Rev Jeremy Rutledge and his son look at a memorial built on the site where Walter Scott was killed by a North Charleston police officer, April 12, 2015 in North Charleston, South Carolina. Photograph:( Getty )
Defense attorneys urged a South Carolina jury on Wednesday (November 30) to look beyond a shocking video of a white police officer shooting a fleeing black motorist to death last year and consider all the evidence presented at the former policeman's murder trial.
Lawyers were making their closing arguments to jurors who will decide whether Michael Slager, 35, committed a crime when he killed 50-year-old Walter Scott in North Charleston.
Slager testified on Tuesday that he was afraid when he shot Scott, who state prosecutors said fled a traffic stop because he was behind on child-support payments and feared he might be arrested.
Attorney Andy Savage told the jury of 11 white people and one black person to consider not just the video, captured by a bystander and viewed by millions of Americans, but all the evidence presented since testimony began earlier this month.
Warning: Video contains graphic violence and language.
"Setting the false narrative aside, let's look at the truth," he told jurors in a Charleston courtroom.
Earlier on Wednesday, the jury visited the empty lot in North Charleston where the shooting occurred, taking in a final bit of evidence in a case that intensified national debate about racial bias in law enforcement.

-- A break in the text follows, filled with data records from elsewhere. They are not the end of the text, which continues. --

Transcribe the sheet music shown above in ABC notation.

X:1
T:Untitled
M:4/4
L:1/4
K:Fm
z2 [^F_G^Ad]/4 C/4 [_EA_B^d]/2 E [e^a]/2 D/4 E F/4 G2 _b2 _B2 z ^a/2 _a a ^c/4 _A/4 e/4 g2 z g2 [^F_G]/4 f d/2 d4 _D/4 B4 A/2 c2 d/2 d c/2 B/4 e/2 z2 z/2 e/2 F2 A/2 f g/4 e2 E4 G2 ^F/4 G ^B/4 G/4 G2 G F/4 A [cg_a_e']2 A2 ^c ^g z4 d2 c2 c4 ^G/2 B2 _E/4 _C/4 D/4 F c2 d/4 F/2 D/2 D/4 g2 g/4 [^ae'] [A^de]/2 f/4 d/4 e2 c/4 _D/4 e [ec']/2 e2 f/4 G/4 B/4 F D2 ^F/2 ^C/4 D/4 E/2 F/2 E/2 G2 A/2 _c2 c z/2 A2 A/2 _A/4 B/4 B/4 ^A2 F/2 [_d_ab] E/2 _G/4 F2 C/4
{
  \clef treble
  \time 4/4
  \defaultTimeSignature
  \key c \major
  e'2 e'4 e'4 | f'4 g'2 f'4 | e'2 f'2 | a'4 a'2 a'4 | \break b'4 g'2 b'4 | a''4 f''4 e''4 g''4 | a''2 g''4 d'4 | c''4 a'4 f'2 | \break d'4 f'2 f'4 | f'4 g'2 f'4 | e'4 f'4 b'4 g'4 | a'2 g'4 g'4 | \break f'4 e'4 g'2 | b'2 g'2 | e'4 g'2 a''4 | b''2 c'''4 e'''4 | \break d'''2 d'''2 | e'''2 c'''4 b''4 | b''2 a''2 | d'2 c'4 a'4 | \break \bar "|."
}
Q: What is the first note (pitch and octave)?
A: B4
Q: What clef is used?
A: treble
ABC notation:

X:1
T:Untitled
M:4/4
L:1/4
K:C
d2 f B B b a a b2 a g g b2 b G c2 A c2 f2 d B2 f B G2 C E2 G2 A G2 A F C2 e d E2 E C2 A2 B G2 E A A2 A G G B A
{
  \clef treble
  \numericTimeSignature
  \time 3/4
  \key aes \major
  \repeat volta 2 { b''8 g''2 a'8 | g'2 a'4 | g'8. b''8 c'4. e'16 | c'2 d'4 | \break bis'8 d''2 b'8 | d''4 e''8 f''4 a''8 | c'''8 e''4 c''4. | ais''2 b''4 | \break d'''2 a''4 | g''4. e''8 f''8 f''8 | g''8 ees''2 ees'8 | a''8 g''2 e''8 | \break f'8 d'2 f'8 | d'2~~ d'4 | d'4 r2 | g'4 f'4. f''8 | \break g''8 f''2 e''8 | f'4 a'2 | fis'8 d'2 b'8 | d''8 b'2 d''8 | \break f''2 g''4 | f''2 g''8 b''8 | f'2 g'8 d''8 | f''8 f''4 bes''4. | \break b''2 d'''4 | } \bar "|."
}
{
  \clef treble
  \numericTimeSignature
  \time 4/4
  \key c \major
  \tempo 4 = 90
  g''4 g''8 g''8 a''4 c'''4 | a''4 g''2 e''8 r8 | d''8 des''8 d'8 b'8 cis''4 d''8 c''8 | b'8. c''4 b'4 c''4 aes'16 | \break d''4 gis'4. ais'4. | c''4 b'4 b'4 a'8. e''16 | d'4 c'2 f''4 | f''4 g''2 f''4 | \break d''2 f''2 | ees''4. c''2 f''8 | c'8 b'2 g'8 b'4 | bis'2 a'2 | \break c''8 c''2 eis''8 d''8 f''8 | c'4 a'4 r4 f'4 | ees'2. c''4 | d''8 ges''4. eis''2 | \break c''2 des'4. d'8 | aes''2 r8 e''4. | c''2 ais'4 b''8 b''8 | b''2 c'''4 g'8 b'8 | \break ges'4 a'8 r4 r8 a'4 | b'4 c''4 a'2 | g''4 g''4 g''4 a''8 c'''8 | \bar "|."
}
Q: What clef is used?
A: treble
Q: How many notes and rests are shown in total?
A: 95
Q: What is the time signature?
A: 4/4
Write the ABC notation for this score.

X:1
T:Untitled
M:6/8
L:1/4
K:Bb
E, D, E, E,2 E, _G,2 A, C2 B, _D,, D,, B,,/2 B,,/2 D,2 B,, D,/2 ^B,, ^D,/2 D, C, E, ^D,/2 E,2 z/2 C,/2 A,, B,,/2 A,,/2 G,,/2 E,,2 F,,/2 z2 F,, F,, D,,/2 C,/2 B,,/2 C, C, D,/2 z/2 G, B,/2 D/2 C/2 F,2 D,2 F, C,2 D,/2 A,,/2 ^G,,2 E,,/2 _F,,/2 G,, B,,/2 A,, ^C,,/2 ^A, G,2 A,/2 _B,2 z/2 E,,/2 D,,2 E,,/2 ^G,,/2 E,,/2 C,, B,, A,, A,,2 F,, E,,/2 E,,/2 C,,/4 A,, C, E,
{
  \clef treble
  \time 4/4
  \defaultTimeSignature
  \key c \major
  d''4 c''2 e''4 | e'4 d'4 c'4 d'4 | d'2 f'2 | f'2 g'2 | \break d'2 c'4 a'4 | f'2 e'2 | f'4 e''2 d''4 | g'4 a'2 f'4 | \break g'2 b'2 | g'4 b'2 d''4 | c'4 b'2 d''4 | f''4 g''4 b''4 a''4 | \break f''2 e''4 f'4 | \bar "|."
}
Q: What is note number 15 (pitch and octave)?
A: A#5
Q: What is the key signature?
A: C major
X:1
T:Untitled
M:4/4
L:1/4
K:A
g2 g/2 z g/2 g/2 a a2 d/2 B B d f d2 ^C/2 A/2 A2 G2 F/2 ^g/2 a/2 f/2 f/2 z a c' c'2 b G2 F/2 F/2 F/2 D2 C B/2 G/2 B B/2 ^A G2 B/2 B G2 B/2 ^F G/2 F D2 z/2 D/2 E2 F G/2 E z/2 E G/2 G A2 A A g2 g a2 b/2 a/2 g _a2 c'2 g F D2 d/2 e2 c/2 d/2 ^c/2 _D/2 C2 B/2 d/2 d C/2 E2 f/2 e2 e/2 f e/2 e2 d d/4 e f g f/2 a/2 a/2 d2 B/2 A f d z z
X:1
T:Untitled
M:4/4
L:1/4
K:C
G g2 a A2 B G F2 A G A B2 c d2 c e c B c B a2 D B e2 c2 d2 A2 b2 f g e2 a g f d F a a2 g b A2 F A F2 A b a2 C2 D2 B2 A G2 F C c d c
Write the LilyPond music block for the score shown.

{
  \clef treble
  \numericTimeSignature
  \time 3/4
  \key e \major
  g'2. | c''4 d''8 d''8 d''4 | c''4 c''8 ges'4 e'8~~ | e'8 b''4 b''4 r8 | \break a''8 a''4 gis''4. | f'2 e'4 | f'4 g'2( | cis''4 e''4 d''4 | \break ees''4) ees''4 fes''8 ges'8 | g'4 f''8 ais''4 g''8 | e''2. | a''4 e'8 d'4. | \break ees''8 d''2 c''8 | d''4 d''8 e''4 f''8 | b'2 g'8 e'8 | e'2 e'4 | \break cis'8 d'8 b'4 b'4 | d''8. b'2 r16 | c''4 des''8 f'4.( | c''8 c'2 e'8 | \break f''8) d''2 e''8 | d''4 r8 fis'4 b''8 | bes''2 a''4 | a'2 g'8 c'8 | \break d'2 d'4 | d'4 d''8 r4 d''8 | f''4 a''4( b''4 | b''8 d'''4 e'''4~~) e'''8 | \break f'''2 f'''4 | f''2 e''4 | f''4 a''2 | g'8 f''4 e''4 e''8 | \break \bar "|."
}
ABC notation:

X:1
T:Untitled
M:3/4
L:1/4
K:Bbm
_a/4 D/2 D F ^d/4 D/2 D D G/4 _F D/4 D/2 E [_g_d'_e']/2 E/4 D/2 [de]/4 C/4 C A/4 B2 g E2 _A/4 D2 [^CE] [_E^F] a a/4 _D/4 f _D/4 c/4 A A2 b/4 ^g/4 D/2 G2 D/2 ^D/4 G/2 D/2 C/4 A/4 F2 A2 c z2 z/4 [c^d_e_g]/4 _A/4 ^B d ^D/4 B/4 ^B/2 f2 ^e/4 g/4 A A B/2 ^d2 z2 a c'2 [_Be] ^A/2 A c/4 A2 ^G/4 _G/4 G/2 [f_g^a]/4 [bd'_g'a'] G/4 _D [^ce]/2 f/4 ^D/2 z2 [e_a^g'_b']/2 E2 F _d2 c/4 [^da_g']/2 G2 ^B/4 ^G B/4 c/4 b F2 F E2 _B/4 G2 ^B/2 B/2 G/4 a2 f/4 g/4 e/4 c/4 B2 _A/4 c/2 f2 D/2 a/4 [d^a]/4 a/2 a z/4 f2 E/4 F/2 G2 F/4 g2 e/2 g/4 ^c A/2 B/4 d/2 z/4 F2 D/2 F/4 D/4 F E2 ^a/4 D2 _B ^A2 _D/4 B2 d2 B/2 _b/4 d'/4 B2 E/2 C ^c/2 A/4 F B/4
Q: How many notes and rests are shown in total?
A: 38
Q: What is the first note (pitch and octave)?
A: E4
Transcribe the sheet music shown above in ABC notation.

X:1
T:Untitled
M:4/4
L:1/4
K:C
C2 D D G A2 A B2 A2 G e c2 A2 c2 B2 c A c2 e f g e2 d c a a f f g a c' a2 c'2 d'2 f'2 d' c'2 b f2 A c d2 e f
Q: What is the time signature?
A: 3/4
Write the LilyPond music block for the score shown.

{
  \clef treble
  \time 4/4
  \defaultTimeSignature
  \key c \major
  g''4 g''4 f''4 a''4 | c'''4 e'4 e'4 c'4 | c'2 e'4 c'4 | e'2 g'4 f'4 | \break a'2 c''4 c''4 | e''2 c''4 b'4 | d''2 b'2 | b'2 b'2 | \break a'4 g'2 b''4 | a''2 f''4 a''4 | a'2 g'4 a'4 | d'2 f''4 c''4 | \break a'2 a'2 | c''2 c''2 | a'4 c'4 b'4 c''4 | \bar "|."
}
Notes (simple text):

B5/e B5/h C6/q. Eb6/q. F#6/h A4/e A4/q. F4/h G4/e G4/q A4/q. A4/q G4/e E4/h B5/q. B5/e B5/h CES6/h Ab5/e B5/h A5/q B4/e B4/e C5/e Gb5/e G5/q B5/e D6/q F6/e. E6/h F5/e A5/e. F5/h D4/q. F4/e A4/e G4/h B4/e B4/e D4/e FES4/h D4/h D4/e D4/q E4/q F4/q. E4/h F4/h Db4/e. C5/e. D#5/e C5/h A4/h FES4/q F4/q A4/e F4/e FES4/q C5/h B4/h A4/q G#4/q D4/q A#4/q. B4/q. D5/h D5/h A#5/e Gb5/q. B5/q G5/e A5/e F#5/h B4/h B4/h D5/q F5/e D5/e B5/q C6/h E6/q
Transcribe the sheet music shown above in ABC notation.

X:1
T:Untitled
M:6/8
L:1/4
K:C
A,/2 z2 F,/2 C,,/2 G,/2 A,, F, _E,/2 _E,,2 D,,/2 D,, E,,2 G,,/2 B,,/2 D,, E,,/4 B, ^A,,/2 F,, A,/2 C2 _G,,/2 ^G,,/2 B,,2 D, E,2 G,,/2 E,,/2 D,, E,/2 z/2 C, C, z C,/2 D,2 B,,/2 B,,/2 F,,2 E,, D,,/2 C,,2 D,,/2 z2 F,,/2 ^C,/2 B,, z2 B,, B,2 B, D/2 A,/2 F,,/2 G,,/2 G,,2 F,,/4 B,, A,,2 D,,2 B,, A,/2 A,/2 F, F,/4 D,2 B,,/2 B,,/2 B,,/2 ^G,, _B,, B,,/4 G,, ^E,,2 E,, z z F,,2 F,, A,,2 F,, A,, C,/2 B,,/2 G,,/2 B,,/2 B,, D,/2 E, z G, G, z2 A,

The April 4, 2015, incident began when Slager stopped Scott's car for a broken brake light, and Scott fled. Slager chased the man, first firing a Taser stun gun at him and then drawing his firearm after a tussle.
Savage said Slager shot him "in fear of his life", noting that the officer did not know at the time that Scott was unarmed.
He said the video transformed Slager into a national symbol for a wave of controversial police killings of black men in cities including New York, Baltimore and Ferguson, Missouri. Slager was fired, arrested and charged with murder.
Solicitor Scarlett Wilson told jurors that they had to find Slager acted with malice to convict him of murder.
"It can be meanness. It can be ill will. It can be just a plain and reckless indifference to human life - like eight shots in the back," she said.
Prosecutors contend Slager did not appear to be in danger when he hit Scott with five of those shots. The jury could also weigh a lesser charge of voluntary manslaughter for Slager, who faces a maximum of life in prison if convicted of murder.